You don’t need nests to establish that the syntactic computation naturally furnishes all the asymmetries that are needed to establish linear order. Actually, nests muddle this point because they force you into dealing with occurrences, subscripts, the Inclusiveness condition, and all that other stuff that’s completely orthogonal to the core issue. Nor do sets really help us understand why the role of linear order is limited. Fortuny stipulates a specific notion of domain based on empirical observations about Move, but that’s completely independent of sets as it’s a generalized version of the Specifier and Adjunct Island constraints. And those are all just more specific instances of the assumption that sensing tree automata are a computational upper bound on syntactic expressivity. I’d also say that Fortuny’s set-based definition of domain is much harder to make sense of than sensing tree automata.
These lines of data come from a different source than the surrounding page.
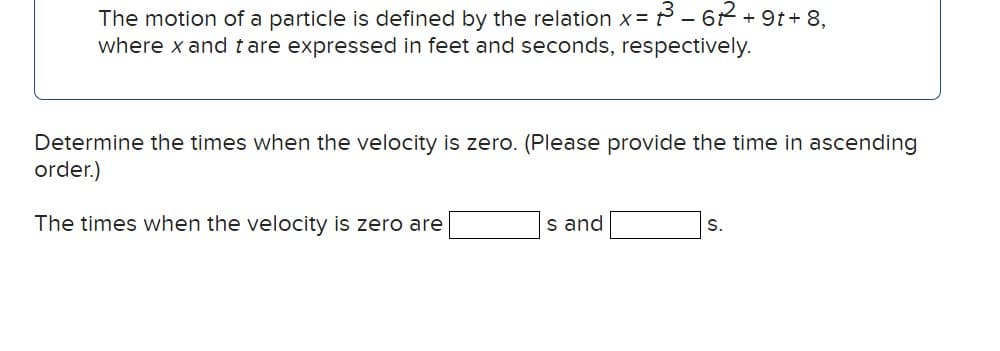 The motion of a particle is defined by the relation x= 3³-62²2² +9t+8,
where x and tare expressed in feet and seconds, respectively.
Determine the times when the velocity is zero. (Please provide the time in ascending
order.)
The times when the velocity is zero are
s and
S.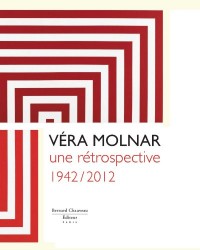 Véra Molnar - une rétrospective (1942-2012)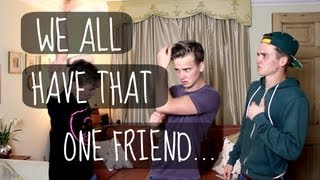 We All Have That One Friend.. | ThatcherJoe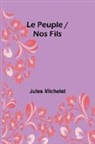 Jules Michelet - Le Peuple / Nos Fils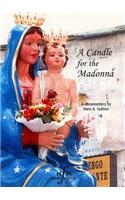 Candle for the Madonna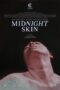 Midnight Skin (2024) Sub Indo Midnight Skin (2024) Sub Indo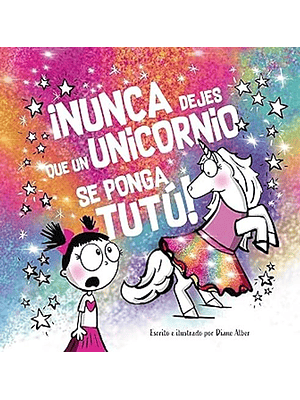 Nunca Dejes Que Un Unicornio Se Ponga Tutu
Overall, the set-based presentation is a handicap for the paper, not a boon.

It’s unfortunate, because Fortuny’s big picture points are right on the money imho. But they’re buried under the mathematical clutter of sets, sets, and more sets.

References

Bruening, Benjamin. 2014. Precede-and-command revisited. Language 90.342–388. doi:10.1353/lan.2014.0037.

Chomsky, Noam. 1995. Bare phrase structure. Government and binding theory and the Minimalist program, ed. by. by Gert Webelhuth, 383–440. Oxford: Blackwell.

Chomsky, Noam. 1995. Categories and transformations. The Minimalist program, 219–394. Cambridge, MA: MIT Press. doi:10.7551/mitpress/9780262527347.003.0004.

Fortuny, Jordi. 2008. The emergence of order in syntax. Amsterdam: John Benjamins.

Fortuny, Jordi. 2018. Structure dependence and linear order: Clarifications and foundations. Language 94.611–628. doi:10.1353/lan.2018.0037.

Fortuny, Jordi, and Bernat Corominas-Murtra. 2018. Some formal considerations on the generation of hierarchically structured expression. Catalan Journal of Linguistics 8.99–111.

Kayne, Richard S.. 1994. The antisymmetry of syntax. Cambridge, MA: MIT Press.

Kuratowski, Kazimierz. 1921. Sur la notion de l’ordre dans la théorie des ensembles. Fundamenta Mathematica 2.161–171.